Tak hanya itu, Slamet menambahkan, dengan sistem tanam jajar legowo, tanaman padi yang dihasilkan akan lebih berkualitas dan juga memungkinkan terciptanya pertanian organik yang ramah lingkungan dan produknya lebih sehat untuk dikonsumsi.

“Sistem mina padi juga akan meningkatkan produksi ikan yang pada tahun 2016 ditargetkan mencapai 19,5 juta ton,” tandas dia.

Sebagai rekomendasi, KKP menyebut, untuk menggunakan sistem pola tanam jajar legowo, petani disarankan memilih tanaman padi varietas ciherang dan ikan air tawar jenis nila. Untuk 1 hektare lahan, petani bisa menanam ikan nila sebanyak 12.000 ekor.

“Ikan air tawar seperti gurame, nila, lele, dan udang galah, bahkan ikan hias jenis Koi sangat cocok dibudidayakan pada sistem mina padi,” jelas dia.

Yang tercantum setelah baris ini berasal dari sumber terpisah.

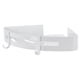 thumbnail image 3 of CANASTA TRIANGULAR, ACCESORIOS DE BAÑO, ESTANTE DE ALMACENAMIENTO DE DUCHA, CON ORGANIZADOR DE BAÑO ANTI-RIGEGE DE GANCHO, FÁLE DE INSTALAR PARA EL BAÑO DE HOTESTICO DOMÉSTICO, 3 of 7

Perikanan untuk Ketahanan Pangan

Sementara itu Sekretaris Jenderal KKP Sjarief Widjaja mengatakan, sektor perikanan merupakan salah satu sumber utama bagi ketahanan pangan di dunia. Hal itu, karena perikanan menyumbang besar untuk kebutuhan pangan dunia.

“Salah satu penyebab terancamnya ketahanan pangan adalah penangkapan ikan secara tidak sah atau illegal fishing. FAO mencatat, kerugian Indonesia per tahun akibat illegal fishing mencapai Rp30 triliun,” ungkap dia.

Untuk itu, Sjarief mengungkapkan, Pemerintah Indonesia terus memperkuat ketahanan pangan berbasis ekonomi kelautan dan mengampanyekannya ke seluruh dunia. Salah satunya, melalui kerja sama Asia Pacific Economic Forum (APEC) yang digagas dalam forum The 7th Ocean and Fisheries Working Group (OFWG) di Peru.

Pertemuan ini sebagai bagian dari rangkaian Pekan Ketahanan Pangan (Food Security Week / FSW) APEC di Piura, Peru, 16 – 25 September 2016.

“Indonesia tetap konsisten untuk menjadi poros maritim dunia dan terus mendorong ekonomi berbasis kelautan melalui partisipasi aktif Delegasi RI di forum APEC tersebut,” sebut dia.

Dalam forum tersebut, Indonesia bekerjasama dan berbagi kapasitas dan pengetahuan melalui kerja sama teknis dan ekonomi antara sesama negara di wilayah Asia Pasifik.